1. An apparatus for supplying fluidized bed material to a circulating fluidized bed boiler having a primary zone with a fuel feed point for the fluidized bed material, and a furnace zone above the primary zone, the apparatus comprising:

a mixing chamber in the form of a horizontally extending cylinder having a first inlet for receiving solid fuel at an axial end of the mixing chamber opposite from the fuel feed point, a second inlet for receiving fluidized bed solids connected for tangential feed into the mixing chamber at a location near the first inlet and spaced away from the fuel feed point, and an outlet connected to the fuel feed point;

fuel feed means connected to the mixing chamber first inlet for feeding solid fuel to the mixing chamber;

first combustion air supply means connected to the primary zone of the boiler for supplying a portion of the total combustion air needed for combustion to the primary zone;

second combustion air supply means connected for tangential feed into the mixing chamber for supplying another portion of the total combustion air needed for combustion, directly to the mixing chamber for facilitating mixing between the combustion air, the fluidized bed solids and the solid fuel, in the mixing chamber, which mixture is supplied through the mixing chamber outlet and to the primary zone of the boiler; and

supplemental combustion air supply means connected to the mixing chamber for supplying additional combustion air around the fuel feed means into the chamber to initiate combustion in the mixing chamber.

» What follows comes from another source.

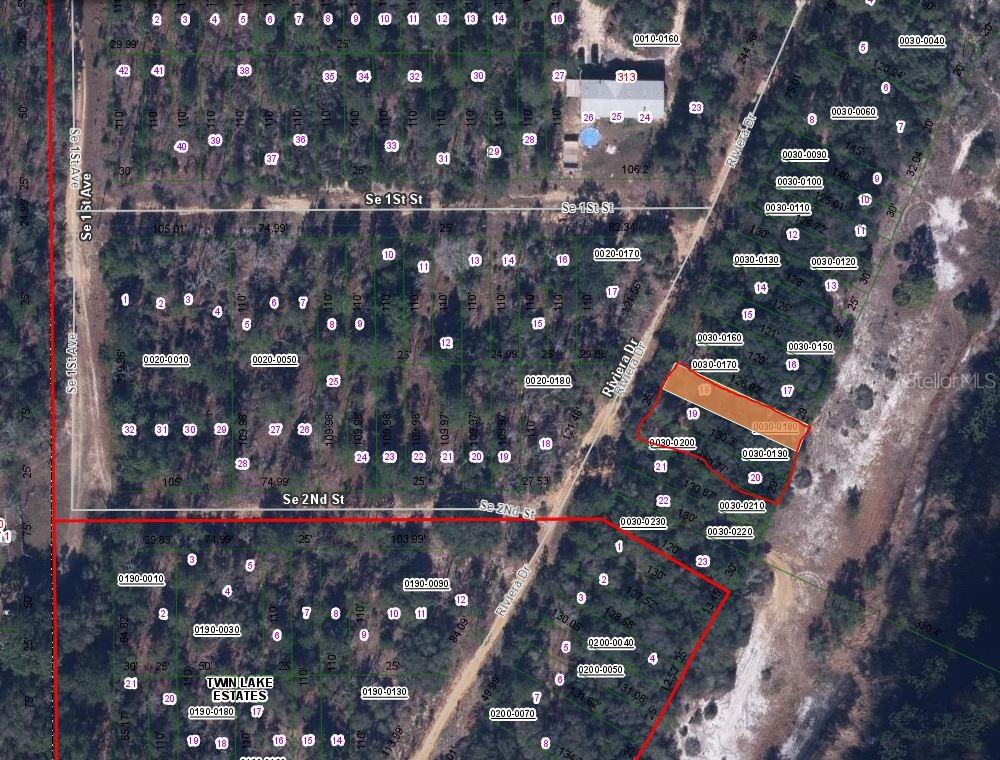 0 Riviera Drive Interlachen, FL 32148 - Photo 2 of 3 a city view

2. An apparatus according to claim 1 wherein said mixing chamber includes a refractory lining.

3. An apparatus according to claim 1 wherein said second combustion air supply means comprises a conduit feeding tangentially into the mixing chamber.

4. An apparatus according to claim 1 wherein the primary zone has an upwardly increasing cross sectional area from the first combustion air supply means toward the furnace zone.

5. An apparatus according to claim 1 wherein the primary zone includes at least one wall which is inclined.

6. An apparatus according to claim 1 further including third combustion air supply means connected between the primary zone and the furnace zone for supplying additional combustion air into the boiler.

7. An apparatus according to claim 6 wherein the third combustion air supply means comprises a plurality of combustion air wall ports with at least one of the wall ports positioned in the inclined wall.

8. In a circulating fluidized bed boiler having a primary zone with a fuel feed point and a furnace zone above the primary zone, an apparatus for feeding solid fuel and returning solid particles into the primary zone, comprising:

a cyclonic mixing and combustion chamber connected at an outlet to the fuel feed point in the form of a horizontally extending cylinder having a first inlet for receiving solid fuel at an axial end of the mixing chamber opposite from the fuel feed point, and a second inlet for receiving fluidized bed solids connected for tangential feed into the mixing chamber at a location near the first inlet and spaced away from the fuel feed point;

fuel feed means connected to the first inlet of the mixing chamber at an end opposite from the fuel feed point for supplying solid fuel to the chamber;

combustion air supply means, connected to feed tangentially into the chamber near the fuel feed means, for supplying a swirling flow of combustion air into the chamber to mix the combustion air with the solid fuel in the chamber before it is supplied to the fuel feed point;

a particle separator connected to the boiler above the furnace zone, and a return line connected between the particle separator and the second inlet to the chamber, for returning solid particles to the chamber for mixture with the combustion air and solid fuel therein;

supplemental combustion air supply means connected to a circular row of bores around the fuel feed means for supplying a ring of additional combustion air around the fuel feed means into the mixing chamber to initiate combustion therein; and

wherein the primary zone has an upwardly increasing cross sectional area for increasing dispersion of the mixture of combustion air and solid fuel as it rises from the fuel feed point in the primary zone.